Yost v. Yost

Annotate this Case

72 N.W.2d 689 (1955)

161 Neb. 164

Willard C. YOST, Appellee, v. Maudle M. YOST, also known as Maudie M. Fanning, Appellant.

No. 33794.

Supreme Court of Nebraska.

October 28, 1955.

*691 Albert S. Johnston, Lincoln, Henry W. Curtis, Imperial, for appellant.

Beatty, Clarke, Murphy & Morgan, North Platte, for appellee.


CARTER, Justice.

The plaintiff, Willard C. Yost, brought this suit in the district court for Chase *692 County to obtain a divorce from the defendant, Maudie M. Yost, on the grounds of adultery and cruelty. Plaintiff also prayed for the custody of the two minor children of the parties. The defendant, Maudie M. Yost, denied the allegations of the petition and alleged that she had been lawfully divorced from the plaintiff in the State of Florida on the grounds of cruelty, and prayed for the custody of the minor children. By his reply the plaintiff alleged that the purported Florida divorce was void in that the defendant, Maudie M. Yost, never became a bona fide resident of that state, that personal service of summons was never had upon the plaintiff, that the only process obtained was by publication, and that said purported divorce was obtained by fraud perpetrated upon the Florida court by the defendant, Maudie M. Yost, and Cleo Fanning, with whom she subsequently entered into a purported marriage. The trial court held the Florida marriage to be void, granted a divorce on the ground of cruelty to the plaintiff, granted the prayer of the plaintiff for the cusody of the minor children, denied alimony to the defendant, Maudie M. Yost, and denied an allowance of attorneys' fees to the defendant. The costs of the action, other than the costs of defendant's depositions, were taxed to the plaintiff. The defendant, Maudie M. Yost, appeals. The plaintiff, Willard C. Yost, cross-appeals.

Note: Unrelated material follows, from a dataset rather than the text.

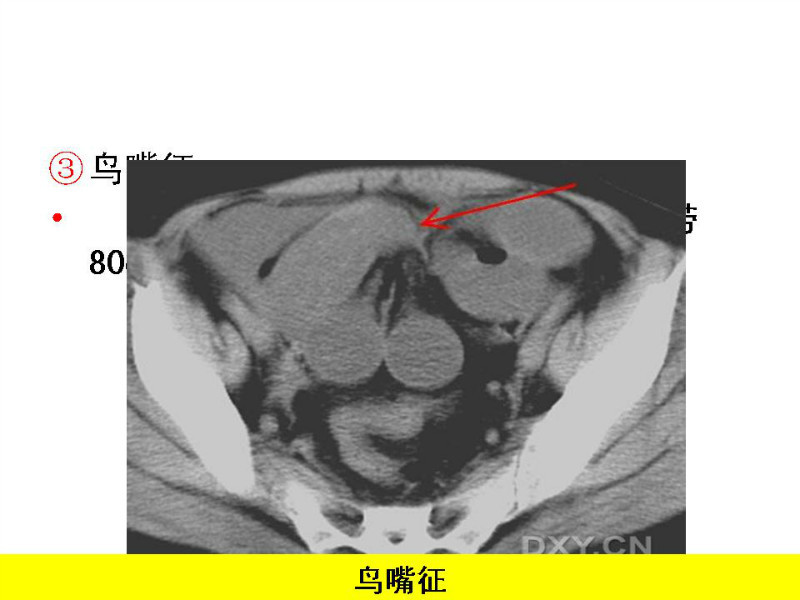 常见影像病例读片汇总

Willard C. Yost will hereinafter be referred to as the plaintiff and Maudie M. Yost as the defendant.

Plaintiff and defendant were married on August 2, 1940. From February 1, 1943, to October 2, 1953, they lived together in a modern home on the ranch of Glen Maddux, about 10 miles from Imperial, Nebraska. They have two small children. Plaintiff was employed by the month by Maddux and in addition had a share in some of the crops and produce, and the privilege of running some of his own cattle on the ranch. Cleo Fanning lived on a farm about 5 miles from the Maddux ranch. Fanning was married but has no children. On October 2, 1953, defendant was 31 years of age and Fanning was 51.

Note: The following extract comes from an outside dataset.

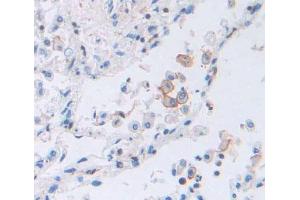 Used in DAB staining on fromalin fixed paraffin- embedded lung tissue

The record shows that defendant met Fanning at a dance approximately 2 years prior to October 2, 1953. Sometime thereafter they commenced meeting clandestinely in various isolated places. Their amorous conduct continued until a few months before October 2, 1953, when they began to plan and conspire to rid themselves of their spouses in order that they might marry. Their clandestine conduct became generally known to certain relatives of both, including defendant's mother and brother, who made attempts to break up the relationship without success. On October 1, 1953, defendant packed suitcases for herself and her 7-year-old daughter and hid them in the trunk of Fanning's automobile. The next day defendant drove the family car into Imperial, parked the car on the street, and departed with Fanning, taking the child Sylvia with her. The evidence sustains a finding that plaintiff had no inkling of the transaction until he found the car and a note left in the glove compartment by the defendant, advising him of her intentions.

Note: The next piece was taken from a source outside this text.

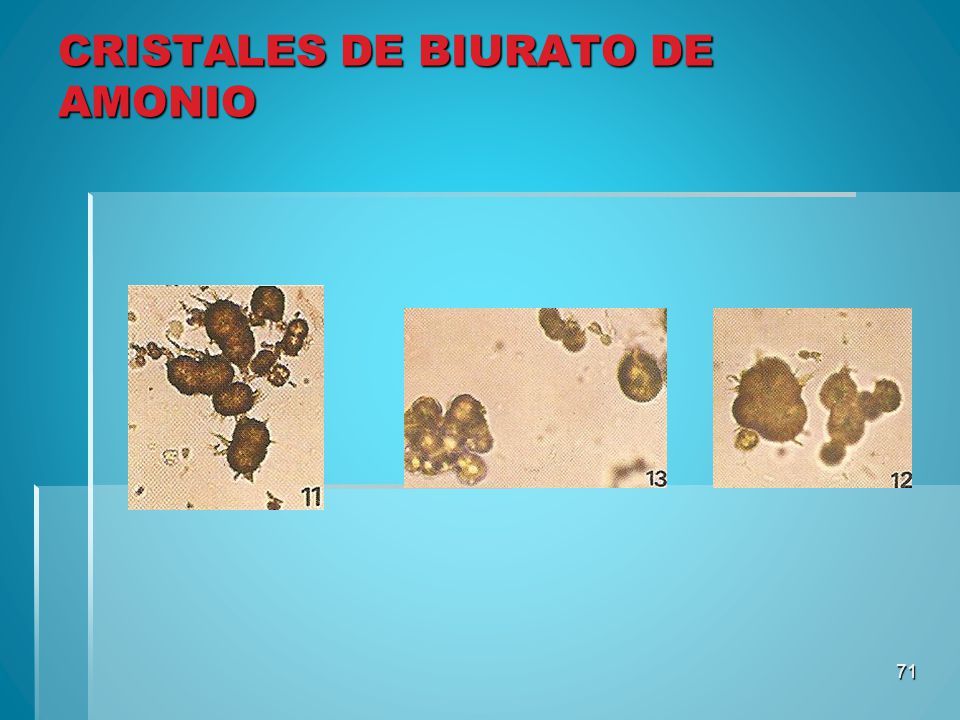 cristales de tirosina en heces cristales de tirosina en heces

It appears that Fanning, before leaving, had consulted a lawyer regarding the divorce laws of various states and obtained a directory of lawyers in the states through which they expected to pass. They made inquiries in at least one state other than Florida concerning the residence requirements for the obtaining of a divorce. On October 12, 1953, they arrived in Panama City, Florida, where Fanning consulted a lawyer and subsequently rented an apartment for defendant and Sylvia, and a room for himself. Sylvia was placed in school and attended until the end of the school year on June 4, 1954. All living expenses were paid by Fanning.

Shortly after the expiration of 90 days, the residence requirement in divorce proceedings in Florida, suits for divorce were commenced in Leon County circuit court by defendant and Fanning to procure divorces from their respective spouses in Nebraska. Service of process was had on plaintiff by publication. The evidence in each case was taken by a special master, each of the parties providing corroborative *693 evidence for the other. On April 20, 1954, defendant obtained a final decree of divorce. On April 23, 1954, they made application for a marriage license and on May 1, 1954, they went through a ceremonial marriage ceremony. On June 7, 1954, 3 days after the close of the school term, they returned to Lincoln, Nebraska, where they purchased a home and have since lived purportedly as husband and wife. Plaintiff commenced the present suit for a divorce on July 22, 1954, in the district court for Chase County.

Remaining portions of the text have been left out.